People’s Grocery is a West Oakland-based organization working towards food justice with local residents. “Healthy food for everyone!” is one of their slogans.  they run a number of urban farms, a grocery coop, and a weekly delivery of “grub boxes” – fresh produce that they’ve grown and some from local growers.  their “grub box” system resembles a community supported agriculture structure with an important twist: instead of community members paying upwards of $400 at the beginning of the season like a regular CSA (this payment gets them access to a share of the harvest, picked up throughout the season), People’s Grocery structures it so that the farmers actually support the community.  low-income folks rarely have the kind of up-front money that regular CSAs require so instead, People’s Grocery asks community members to pay as they go – $12 for west oakland residents who can then pick up veggies and fruits the next week. since people’s grocery focuses on west oakland and its residents, there is a distinction made for those wanting to get a grub box but who don’t live in west oakland: they can pay $24 per week and in effect sponsor multiple community members IN west oakland. i have a pretty great interview with Max, (THANK YOU MAX) who has been runnin the Cal Hotel urban garden for a year, but youtube isn’t liking it right now so i’ll try to post it soon! in it he talks about the organization and how urban farming fits into the larger frame of environmental racism etc.

at one of the sites, the California hotel, the space has become quite the incredible bio-intensive urban farm. in the past, the California hotel was one of very few in the oakland area that served politicians, artists, and professionals of color. a stunning list of people have stayed in that building.  eventually it became a single room occupancy place where folks are staying long term in just one room. residents have been involved in every stage of the urban farm. people’s grocery is currently able to provide stipends to cal hotel residents who work there.
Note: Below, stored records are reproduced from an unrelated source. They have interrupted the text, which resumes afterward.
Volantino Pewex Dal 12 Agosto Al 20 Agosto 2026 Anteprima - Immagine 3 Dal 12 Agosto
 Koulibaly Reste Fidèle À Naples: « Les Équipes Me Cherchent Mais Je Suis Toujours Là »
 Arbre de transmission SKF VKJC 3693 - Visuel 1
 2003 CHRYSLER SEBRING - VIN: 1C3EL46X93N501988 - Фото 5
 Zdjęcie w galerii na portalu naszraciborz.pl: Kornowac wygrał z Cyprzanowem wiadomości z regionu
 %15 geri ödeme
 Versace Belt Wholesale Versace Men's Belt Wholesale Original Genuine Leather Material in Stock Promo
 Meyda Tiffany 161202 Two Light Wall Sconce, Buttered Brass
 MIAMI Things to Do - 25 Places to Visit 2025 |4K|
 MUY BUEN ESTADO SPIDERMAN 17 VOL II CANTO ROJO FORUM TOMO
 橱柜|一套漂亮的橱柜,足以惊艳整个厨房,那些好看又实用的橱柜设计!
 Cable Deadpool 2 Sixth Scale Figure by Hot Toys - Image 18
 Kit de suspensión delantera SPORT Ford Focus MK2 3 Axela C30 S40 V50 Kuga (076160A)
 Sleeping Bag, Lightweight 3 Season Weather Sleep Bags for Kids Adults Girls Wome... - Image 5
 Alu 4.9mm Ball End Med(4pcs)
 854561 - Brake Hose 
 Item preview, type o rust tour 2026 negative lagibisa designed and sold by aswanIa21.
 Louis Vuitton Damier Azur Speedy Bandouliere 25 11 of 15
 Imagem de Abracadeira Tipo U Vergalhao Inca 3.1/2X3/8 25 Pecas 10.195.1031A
Last summer when i worked at it there were several raised beds, a green house, and a lot of grass and weeds. we were working hard to put in new beds, clear a path, and generally clean up. NOW, its really quite different. they’ve got worms doing vermicomposting (black gold!!), a number of chickens, lasagna style gardening ON PAVEMENT, and way more area under cultivation. truly fucking beautiful.

this summer, regretfully, i was only able to spend a little time with PG. seriously considering a longer term commitment maybe next summer where i would be immersed in urban farming practices and collaborative, community efforts. this summer i was at the cal hotel while a mural was in progress (i’ll try to post an interview with the artists soon) and i’m still curious how it turned out. murals and gardens. beautiful ways to reclaim spaces for the sake of health, art, growth, and creativity. good luck to Marcelo Montalvo, an awesome guy workin on a masters on food justice issues! we worked together last summer and ran into eachother this summer at the US Social Forum. yay for movement building spaces!

since cities aren’t going anywhere, lets grow them and paint the town!!